How so? Most main alternators need a battery to come on line
too . . . There seems to be an increasing number of machines
that will come up self excited but they're rare and probably
not DESIGNED for that characteristic.
Example: I was tasked with designing a regulator for Bonanzas
way back when. The spec from Beech required that I be able
to take advantage of the alternator's self-excitation
capabilities. Okay, went out to Beech and borrowed an alternator.
On the drive stand, the residual output from the b-lead with
the field disconnected was about 1.5 volts. Hmmmm, not enough
to get the regulator electronics to come alive . . . we were
working in a 28v system. I had to redesign the regulator
so that it would offer a bit of leakage through the powered-
down device.
Sure enough, the smallest amount of feedback from b-lead to
field would cause the system to wake up and run regulated.

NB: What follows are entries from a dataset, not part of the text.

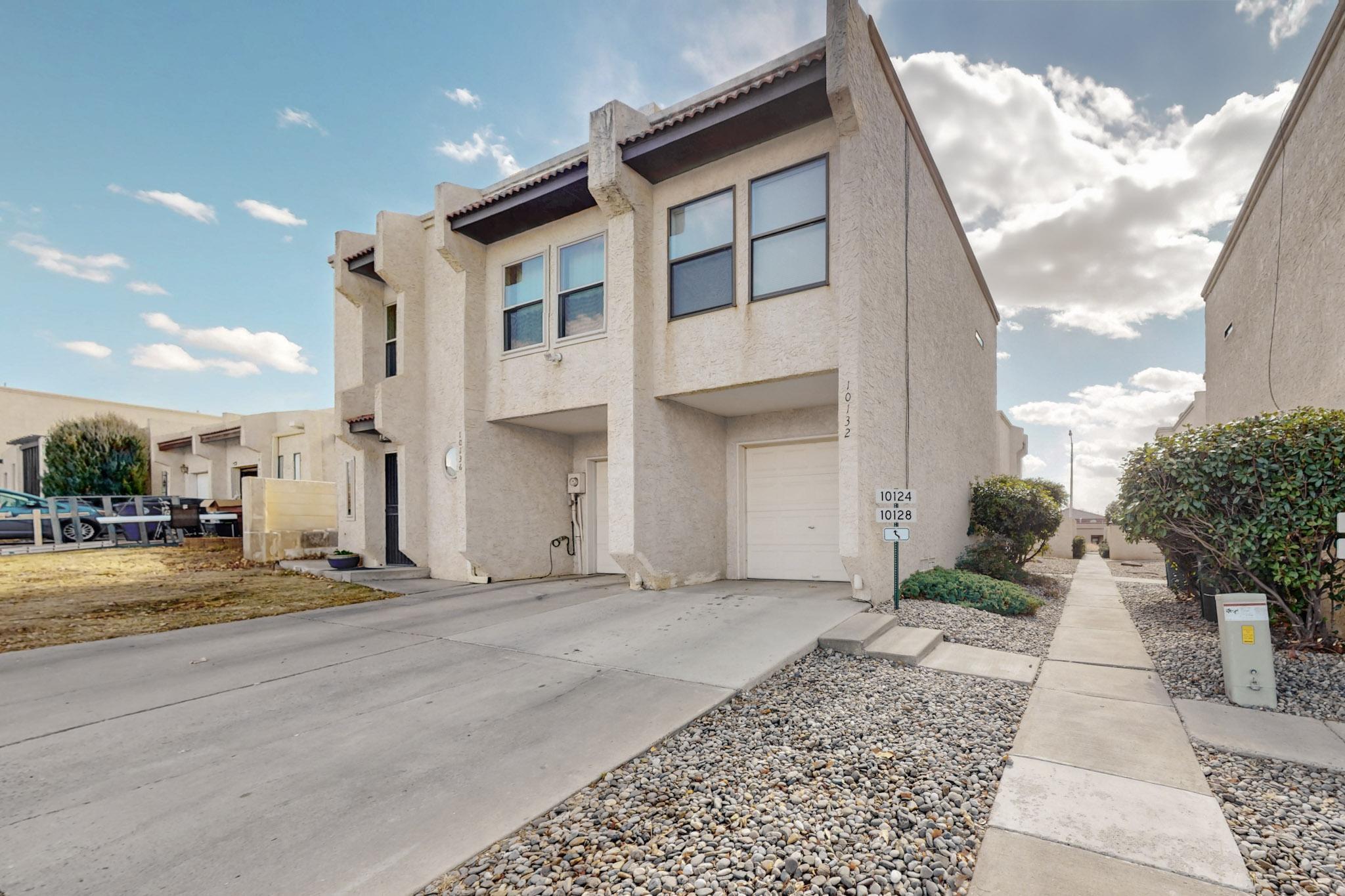 Welcome home to this charming 3-bedroom, 3-bathroom townhome in the heart of Northeast Heights, conveniently located within the Eldorado High School District. As you step inside, you'll appreciate the light and bright layout, highlighted by fresh paint and plenty of natural light. Upstairs are three roomy bedrooms and two full bathrooms, while the lower level features the kitchen, a laundry room, and a convenient half bath. You'll love having your very own one-car garage and a cozy private backyard patio with a gas fireplace and built-in seating for those fun evenings outside. With its central location near schools, shopping, dining, and breweries, this townhome offers the perfect blend of comfort and convenience. Move-in ready!!!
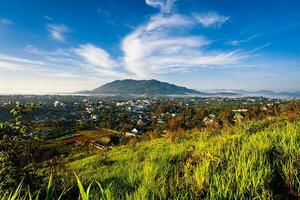 Mountains during morning. Beautiful natural landscape in the summer time with fog photo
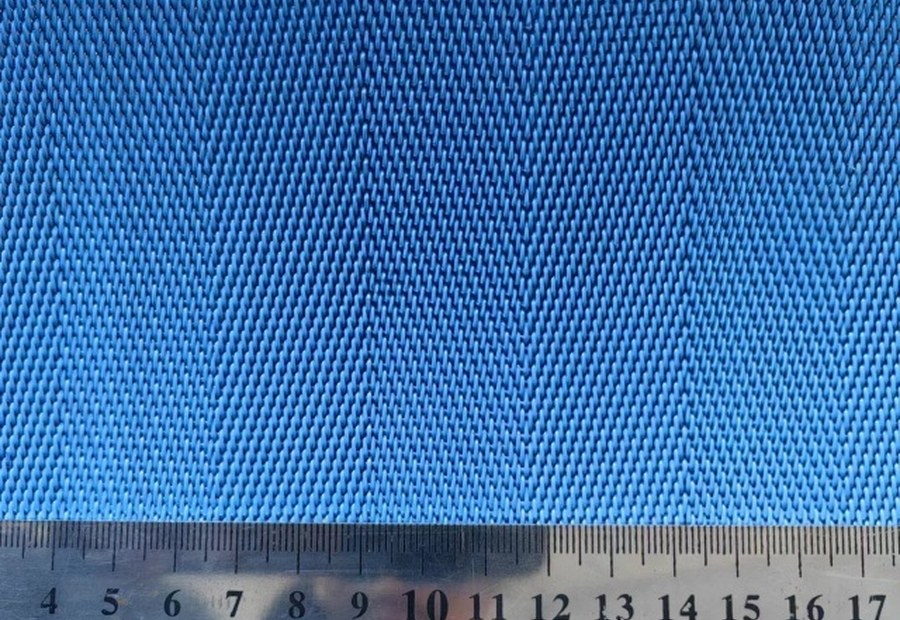 Close-up forming fabric mesh with measuring scale for drainage and sheet support selection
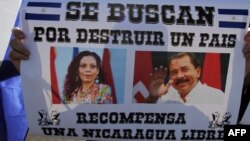 En la imagen tomada en abril de 2018 un manifestante sostiene un cartel contra Ortega y Murillo.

Now, having accomplished the assigned task, I did NOT go
investigate the alternator's performance with respect to
bus voltage quality sans battery.
In later years . . . many later years, I heard of a fuss
about a batch of alternators that were rejected because
they would not self-excite. This caused a great thrashing
through the specs, purchase contracts, acceptance test
procedures, etc. The supplier was called on the carpet
and was feeling really beat up . . . "Look, there's
no requirement for this alternator to self excite."
Sho'nuf. Nobody could point to any controlling document
and cite a requirement for self-excitation. The vast
majority of alternators would do it . . . so many in
fact that Beech ASSUMED that it was a designed in feature
and decided to capitalize on it.
But when some process change or stack up of production
variables generated a batch of alternators that would
not self-excite, folks started shoveling garbage into
the fans. In fact, the supplier had never intended
that the alternator perform in this manner and Beech
simply assumed that the characteristic was designed in.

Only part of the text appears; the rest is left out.